● TASK DIRECTIONS
Transcribe only the lines between the first line of the records and the line containing "jedlá sóda a ponožka", inclusive, exactly as written.

(Entries taken from a collection)
::::::::::

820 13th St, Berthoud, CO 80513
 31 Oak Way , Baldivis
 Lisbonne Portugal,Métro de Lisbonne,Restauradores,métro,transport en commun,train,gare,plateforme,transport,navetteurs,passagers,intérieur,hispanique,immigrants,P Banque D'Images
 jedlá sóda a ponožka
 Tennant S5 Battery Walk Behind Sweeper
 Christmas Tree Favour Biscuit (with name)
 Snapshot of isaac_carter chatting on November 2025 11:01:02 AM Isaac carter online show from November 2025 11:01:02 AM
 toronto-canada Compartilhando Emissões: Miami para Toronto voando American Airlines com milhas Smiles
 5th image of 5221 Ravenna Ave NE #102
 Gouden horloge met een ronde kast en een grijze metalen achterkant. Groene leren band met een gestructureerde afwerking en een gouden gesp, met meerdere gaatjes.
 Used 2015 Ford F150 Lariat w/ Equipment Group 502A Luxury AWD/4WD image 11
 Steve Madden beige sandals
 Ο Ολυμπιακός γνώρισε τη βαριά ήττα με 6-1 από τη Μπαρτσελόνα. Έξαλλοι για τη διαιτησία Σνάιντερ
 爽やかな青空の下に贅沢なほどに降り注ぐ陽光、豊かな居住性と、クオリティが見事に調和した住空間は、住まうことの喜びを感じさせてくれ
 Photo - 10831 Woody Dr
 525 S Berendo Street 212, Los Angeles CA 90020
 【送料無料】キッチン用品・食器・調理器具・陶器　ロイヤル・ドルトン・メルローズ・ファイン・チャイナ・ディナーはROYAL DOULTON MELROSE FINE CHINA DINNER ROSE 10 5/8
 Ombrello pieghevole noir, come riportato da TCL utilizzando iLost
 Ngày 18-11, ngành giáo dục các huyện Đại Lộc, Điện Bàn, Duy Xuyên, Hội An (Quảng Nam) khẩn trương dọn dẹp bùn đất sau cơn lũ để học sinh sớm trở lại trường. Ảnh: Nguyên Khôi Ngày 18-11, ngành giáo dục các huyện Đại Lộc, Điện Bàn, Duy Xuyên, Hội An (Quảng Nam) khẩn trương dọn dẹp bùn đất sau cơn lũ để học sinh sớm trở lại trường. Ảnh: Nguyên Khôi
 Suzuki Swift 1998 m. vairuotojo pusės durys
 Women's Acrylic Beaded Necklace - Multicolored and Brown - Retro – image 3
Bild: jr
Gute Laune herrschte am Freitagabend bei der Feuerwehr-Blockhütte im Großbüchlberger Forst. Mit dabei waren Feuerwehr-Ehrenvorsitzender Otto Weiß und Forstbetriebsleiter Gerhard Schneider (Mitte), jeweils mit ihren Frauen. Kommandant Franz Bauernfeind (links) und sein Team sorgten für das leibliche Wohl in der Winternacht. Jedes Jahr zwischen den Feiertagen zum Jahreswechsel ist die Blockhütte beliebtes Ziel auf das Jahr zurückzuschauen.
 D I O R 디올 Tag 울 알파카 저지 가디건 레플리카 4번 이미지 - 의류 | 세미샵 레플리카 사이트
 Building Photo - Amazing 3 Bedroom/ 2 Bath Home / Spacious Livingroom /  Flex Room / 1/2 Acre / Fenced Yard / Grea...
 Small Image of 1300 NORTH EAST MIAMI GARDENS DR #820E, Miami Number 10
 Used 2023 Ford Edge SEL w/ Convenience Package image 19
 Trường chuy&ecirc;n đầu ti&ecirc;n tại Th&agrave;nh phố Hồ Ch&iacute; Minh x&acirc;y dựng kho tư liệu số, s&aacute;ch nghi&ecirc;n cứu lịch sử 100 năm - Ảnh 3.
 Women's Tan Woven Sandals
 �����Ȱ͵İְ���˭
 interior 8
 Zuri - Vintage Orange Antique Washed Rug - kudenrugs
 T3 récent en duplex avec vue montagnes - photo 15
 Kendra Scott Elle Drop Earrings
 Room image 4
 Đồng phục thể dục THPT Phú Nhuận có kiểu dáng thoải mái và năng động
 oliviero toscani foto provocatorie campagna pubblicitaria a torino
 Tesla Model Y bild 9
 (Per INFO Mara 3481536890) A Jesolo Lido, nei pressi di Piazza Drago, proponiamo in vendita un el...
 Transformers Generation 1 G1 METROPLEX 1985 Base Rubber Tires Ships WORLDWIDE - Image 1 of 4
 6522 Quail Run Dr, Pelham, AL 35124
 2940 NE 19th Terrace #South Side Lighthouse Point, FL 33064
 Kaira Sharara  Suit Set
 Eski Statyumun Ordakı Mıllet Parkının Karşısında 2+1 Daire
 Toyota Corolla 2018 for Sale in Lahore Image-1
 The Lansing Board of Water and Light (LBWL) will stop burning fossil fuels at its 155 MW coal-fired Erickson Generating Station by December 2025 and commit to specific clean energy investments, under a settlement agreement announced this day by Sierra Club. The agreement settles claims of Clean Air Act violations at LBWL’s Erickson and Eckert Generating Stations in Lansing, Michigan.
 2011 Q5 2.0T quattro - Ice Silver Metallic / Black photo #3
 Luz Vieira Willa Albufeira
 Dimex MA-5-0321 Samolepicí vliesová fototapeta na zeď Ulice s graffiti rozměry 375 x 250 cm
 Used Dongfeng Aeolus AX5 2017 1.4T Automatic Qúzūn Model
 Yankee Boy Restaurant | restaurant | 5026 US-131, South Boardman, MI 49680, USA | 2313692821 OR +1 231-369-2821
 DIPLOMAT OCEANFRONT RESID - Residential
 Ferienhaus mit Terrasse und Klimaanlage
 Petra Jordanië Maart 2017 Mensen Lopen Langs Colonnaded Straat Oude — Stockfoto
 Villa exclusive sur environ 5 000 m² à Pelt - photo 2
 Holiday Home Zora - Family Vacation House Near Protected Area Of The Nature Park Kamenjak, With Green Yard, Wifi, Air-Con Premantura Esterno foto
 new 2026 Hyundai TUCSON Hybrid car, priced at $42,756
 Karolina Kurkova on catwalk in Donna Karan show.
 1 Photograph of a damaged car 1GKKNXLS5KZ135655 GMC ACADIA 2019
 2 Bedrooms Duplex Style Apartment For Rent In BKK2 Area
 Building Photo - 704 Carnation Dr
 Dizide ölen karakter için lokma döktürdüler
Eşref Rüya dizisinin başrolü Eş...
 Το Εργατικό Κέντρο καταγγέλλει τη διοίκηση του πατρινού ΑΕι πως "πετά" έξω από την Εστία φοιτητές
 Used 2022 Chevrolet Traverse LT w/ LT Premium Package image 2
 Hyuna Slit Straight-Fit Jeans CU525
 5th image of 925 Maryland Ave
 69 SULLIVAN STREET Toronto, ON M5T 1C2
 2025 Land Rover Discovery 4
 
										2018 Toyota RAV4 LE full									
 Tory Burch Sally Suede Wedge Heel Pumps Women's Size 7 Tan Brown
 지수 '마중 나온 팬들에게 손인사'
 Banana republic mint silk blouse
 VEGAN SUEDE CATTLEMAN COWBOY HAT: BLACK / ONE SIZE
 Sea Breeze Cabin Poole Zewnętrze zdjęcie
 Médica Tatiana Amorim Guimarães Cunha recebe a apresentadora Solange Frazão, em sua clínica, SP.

::::::::::

● PROBLEM SOLUTION
820 13th St, Berthoud, CO 80513
 31 Oak Way , Baldivis
 Lisbonne Portugal,Métro de Lisbonne,Restauradores,métro,transport en commun,train,gare,plateforme,transport,navetteurs,passagers,intérieur,hispanique,immigrants,P Banque D'Images
 jedlá sóda a ponožka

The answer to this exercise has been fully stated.